### DATA SECTION:
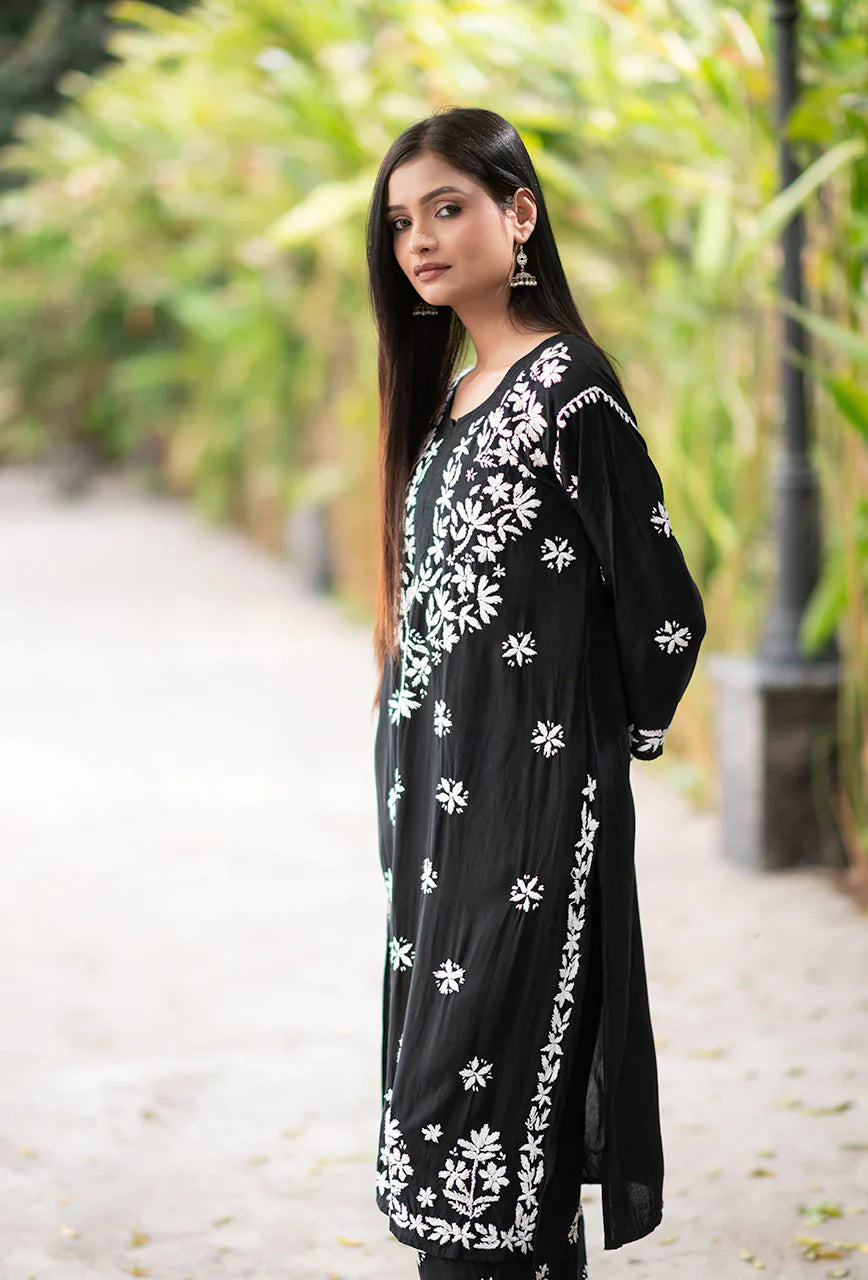 ZERESOUQ-Laira-Black-Rayon-Three-Fourth-Sleeves-2-Piece-Kurta-Set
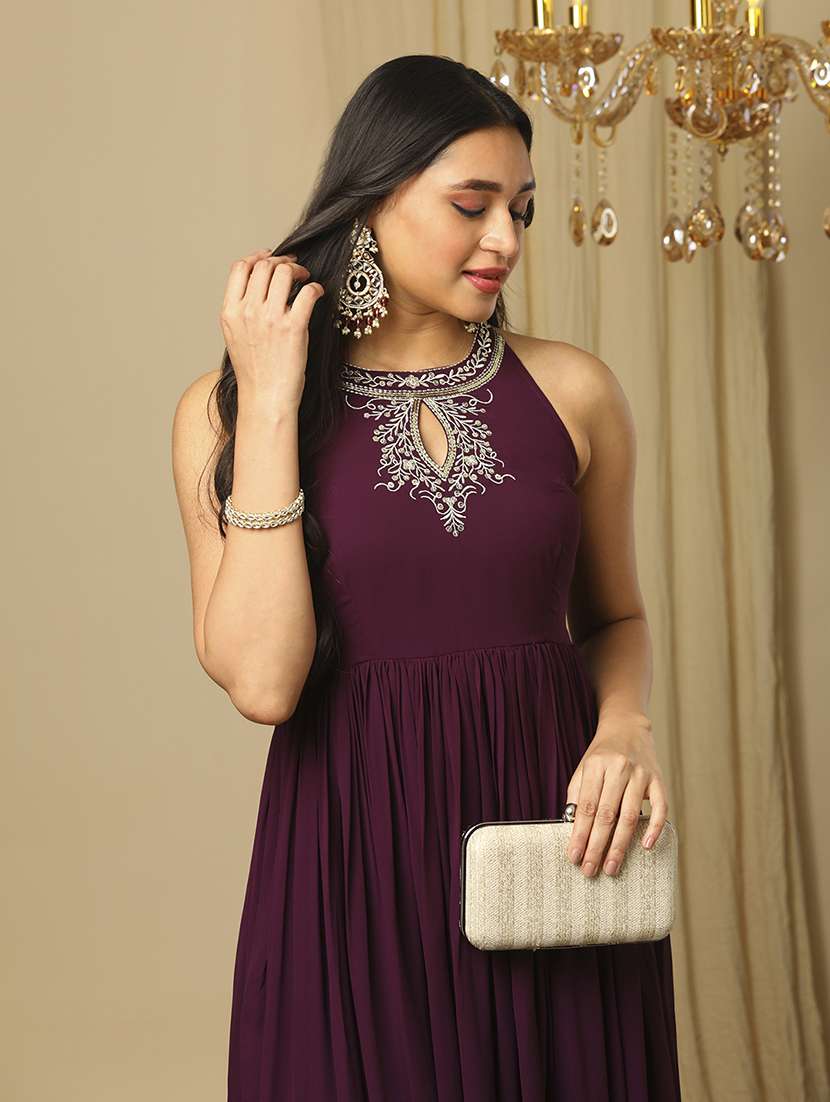women's purple zari embroidered & sequinned keyhole halter neck fit & flare fusion maxi dress - 21504026 -  Standard Image - 3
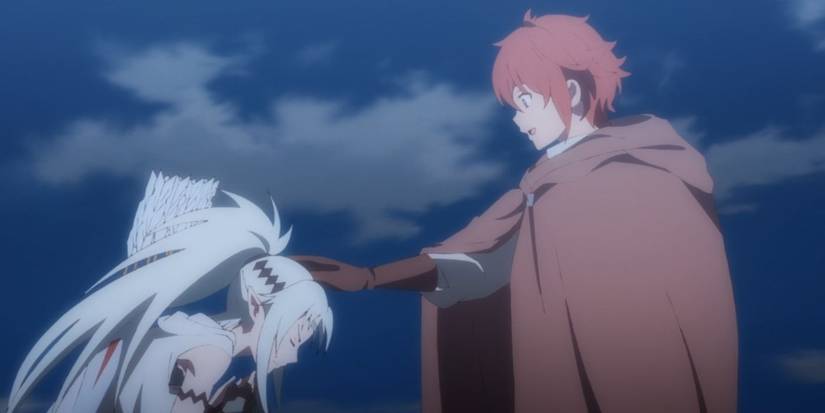 William sets his hand on Meneldor's head as Meneldor kneels before him in The Faraway Paladin(1)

### WHAT NEEDS TO BE DONE:
Copy out all the data above exactly, pictures excluded.

### EXERCISE OUTPUT:
 ZERESOUQ-Laira-Black-Rayon-Three-Fourth-Sleeves-2-Piece-Kurta-Set
women's purple zari embroidered & sequinned keyhole halter neck fit & flare fusion maxi dress - 21504026 -  Standard Image - 3
 William sets his hand on Meneldor's head as Meneldor kneels before him in The Faraway Paladin(1)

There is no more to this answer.